La Grande ice cream shop goes up for sale in spring of 2025
Published 6:00 am Sunday, January 12, 2025
- Carla Sorweide, owner of Hought’s 24 Flavors, serves burgers to a couple on July 1, 2021, in La Grande. Sorweide closed Hought’s on Sept. 15, 2024, and said she is selling her business in the spring.
LA GRANDE — One of La Grande’s historic family-owned ice cream parlors, Hought’s 24 Flavors, closed Sept. 15, 2024, after serving local patrons and tourists since 1951.
Owner Carla Sorweide will be retiring to Truth or Consequences, New Mexico, to live near family, but she will sell her business in the spring and assist the new owners in reopening the eatery and ice cream parlor at that time.
“I bought the business in September of 2004 and reopened it on Feb. 14, 2005,” Sorweide said. “Mr. Clair Hought had it from 1951 to 1985, so it sat closed for 20 years before I bought it, and then I had it for 20 years myself.”
When she bought the business, Sorweide said she retained the well-known Hought name because it has a legacy, “and I wanted to keep that going for him,” she said.
A month after Sorweide purchased Hought’s 24 Flavors, Helen Hought died, but Clair Hought lived long enough to be present at Sorweide’s first year anniversary special in February 2006.
“I went to get him and brought him to the store that day so that everyone could meet him,” she said. “A few months later, in June 2006, he died.”
What lies ahead
Since Sept. 15, when Sorweide served her last customer, it’s been hard for her to believe she doesn’t have to open the store and wait on anyone anymore.
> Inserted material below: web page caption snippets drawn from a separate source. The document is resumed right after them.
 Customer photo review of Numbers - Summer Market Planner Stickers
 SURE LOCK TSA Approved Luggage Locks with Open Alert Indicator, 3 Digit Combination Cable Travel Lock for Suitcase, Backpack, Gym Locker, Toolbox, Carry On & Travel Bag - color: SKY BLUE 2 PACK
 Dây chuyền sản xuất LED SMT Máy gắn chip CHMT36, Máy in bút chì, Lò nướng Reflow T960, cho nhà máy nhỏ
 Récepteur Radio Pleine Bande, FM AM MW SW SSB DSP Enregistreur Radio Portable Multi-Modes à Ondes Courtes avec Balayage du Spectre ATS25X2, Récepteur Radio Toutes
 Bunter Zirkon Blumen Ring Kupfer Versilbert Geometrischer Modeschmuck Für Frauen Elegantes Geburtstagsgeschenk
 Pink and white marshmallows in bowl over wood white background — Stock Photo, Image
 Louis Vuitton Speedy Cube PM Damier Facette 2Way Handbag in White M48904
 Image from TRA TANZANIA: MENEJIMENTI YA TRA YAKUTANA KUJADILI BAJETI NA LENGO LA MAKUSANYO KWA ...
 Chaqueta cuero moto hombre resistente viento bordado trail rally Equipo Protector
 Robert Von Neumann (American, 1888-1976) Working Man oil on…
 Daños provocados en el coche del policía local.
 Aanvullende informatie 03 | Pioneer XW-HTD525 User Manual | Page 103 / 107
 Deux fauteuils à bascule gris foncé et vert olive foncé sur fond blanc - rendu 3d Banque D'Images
Instead, she’s been contemplating her future pursuits and reflecting on where her journey has taken her and what she will miss the most when she leaves La Grande.
“I’m really going to miss the customers I made here,” she said.
Sorweide said there has been a lot of interest expressed from potential buyers for Hought’s 24 Flavors and the residence. She will handle all that interest next spring when she returns from wintering in New Mexico. She will also help the new owners reopen the doors next spring.
“The new owners will have to keep the business name, or they won’t be successful,” she said. “I’ll also show them how to save money operating it.”
She feels it’s her solemn duty and privilege to pass along the Hought’s traditions and secret recipes that will take the 74-year-old menu and iconic business into 2025 and beyond.